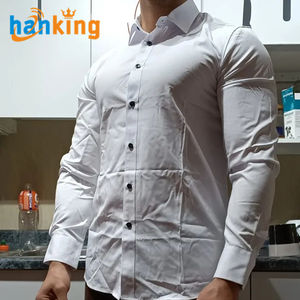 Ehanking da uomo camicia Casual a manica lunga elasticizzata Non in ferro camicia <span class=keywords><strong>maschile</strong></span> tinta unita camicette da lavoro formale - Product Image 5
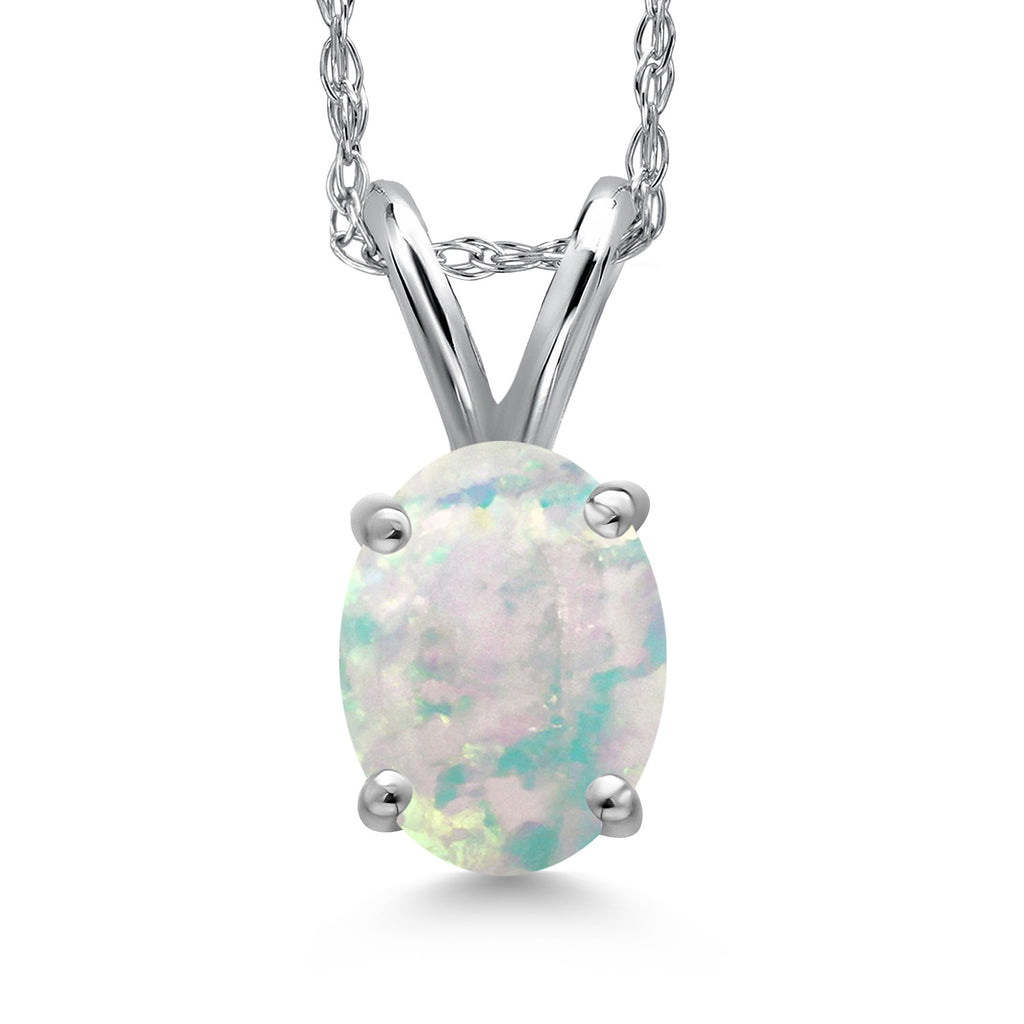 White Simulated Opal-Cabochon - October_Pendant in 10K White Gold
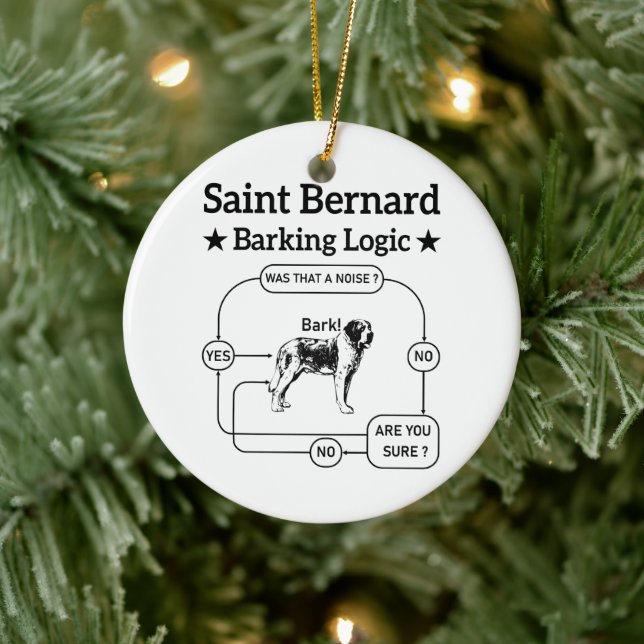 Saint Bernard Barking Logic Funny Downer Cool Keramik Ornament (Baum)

• • •

All of the listing should be transcribed exactly, but none of its images.

### RESPONSE TO THE EXERCISE
 Ehanking da uomo camicia Casual a manica lunga elasticizzata Non in ferro camicia <span class=keywords><strong>maschile</strong></span> tinta unita camicette da lavoro formale - Product Image 5
 White Simulated Opal-Cabochon - October_Pendant in 10K White Gold
 Saint Bernard Barking Logic Funny Downer Cool Keramik Ornament (Baum)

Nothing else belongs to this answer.